None of this requires a conspiracy. It is simply how a discretionary monetary system is designed to work. The critique is of the system, not of any individual running it.

The argument, laid out by people who study it

Macro analyst Lyn Alden made this case in detail in her 2023 book Broken Money. Her thesis is that money’s most important job, holding value across time, has steadily degraded under fiat systems governed by discretionary policy. In Alden’s framing, currencies untethered from scarcity create structural incentives for debt, financial repression, and asset inflation, which tends to reward those who own scarce assets and penalise those who simply save in cash.

Alden is not a Bitcoin maximalist shouting from the sidelines. She is a widely read investment strategist who arrives at the conclusion through the plumbing of the monetary system, which is part of why the argument travels well beyond the usual crypto audience.

Bitcoin as the counter-proposal

Against that backdrop, the appeal to its holders is straightforward: they see Bitcoin as money that no authority can debase. Its supply is capped at 21 million coins, issued on a transparent, predictable schedule that no government or central bank controls. That cap is a matter of record, not opinion. Where fiat can be expanded by policy, Bitcoin’s issuance is fixed by its code.

Supporters describe this as an attempt to rebuild the store-of-value property they argue fiat has lost. Whether it succeeds is something reasonable people still debate, and the price is volatile enough that holding it is not for everyone.

The reasoning holds even when the price doesn’t

It is worth being honest that holding Bitcoin has rarely been comfortable, and the recent stretch has tested that again.
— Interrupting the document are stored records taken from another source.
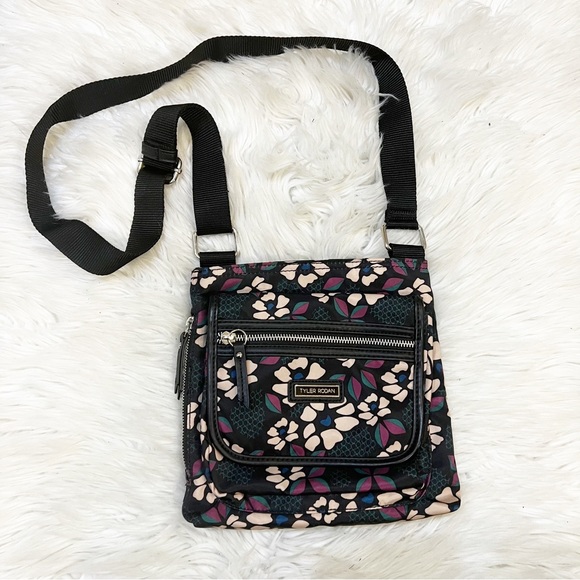 Tyler Rodan Bags Tyler Rodan Black Floral Crossbody Bag Poshmark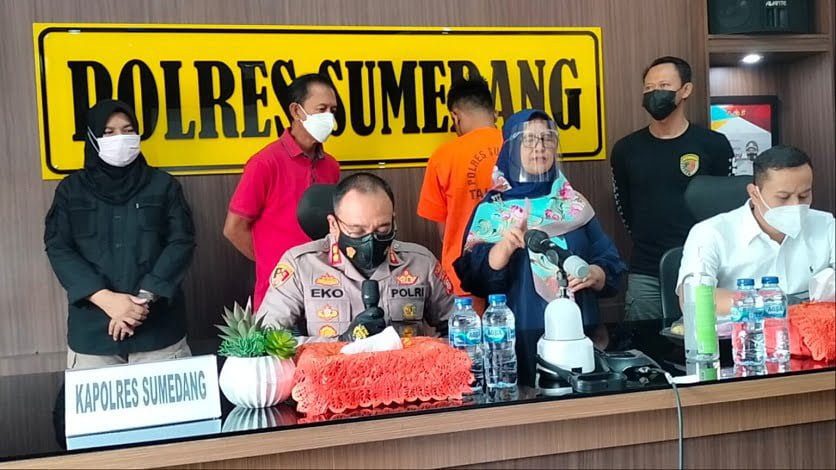 Diduga Cemburu, Pria 24 Tahun Aniaya Kekasihnya Hingga Babak Belur Diduga Cemburu, Pria 24 Tahun Aniaya Kekasihnya Hingga Babak Belur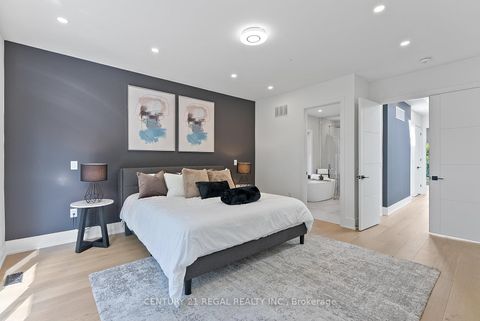 Photo 22 at 84 Bexhill Avenue, Birchmount, Toronto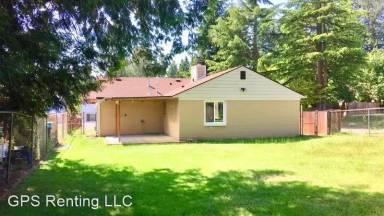 Main picture of 15526 14th Ave NE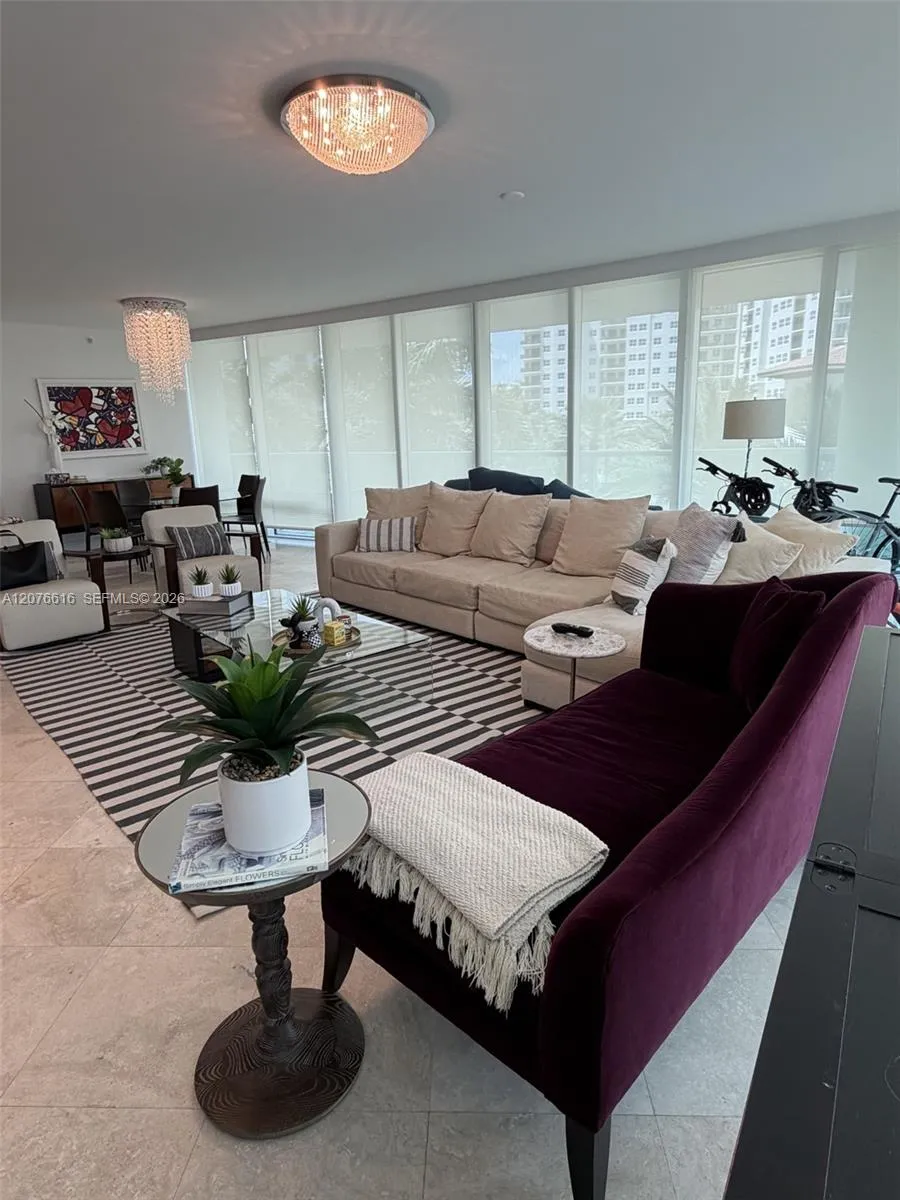 19955 NE 38th Ct #606 Aventura, FL 33180
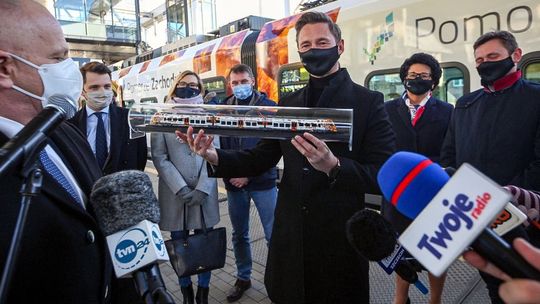 Hybrydy spod igły mkną już po torach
Deep drawdowns have been a feature of Bitcoin’s entire history, and long-term holders have sat through several of them. Anyone who tells you it is an easy hold has not held it for long.

But the case for holding was never that the price would only go up. It was that the money itself is sound: fixed in supply and beyond the reach of discretionary policy. A falling price does not touch that. Fiat has not stopped expanding, and Bitcoin’s 21 million cap has not moved. For long-term holders, that distinction is the whole point. The price is what the market feels this quarter. The reasoning is why they hold across many of them.

Deciding for yourself

This is where the honest version of the argument differs from a hard sell. The invitation is to understand the problem, look at the proposed solution, and reach your own view. If the argument interests you, Lyn Alden’s Broken Money and the short film at whatstheproblem.org are two honest places to start, neither of which is trying to sell you anything.

This article is general information only. It does not take into account your objectives, financial situation or needs, and it is not a recommendation to buy, hold, or sell any financial product, including Bitcoin or other digital assets. Digital assets are highly volatile and you can lose some or all of your money. Past performance is not indicative of future results. Consider whether it is right for you and seek advice from a licensed financial adviser before making any investment decision.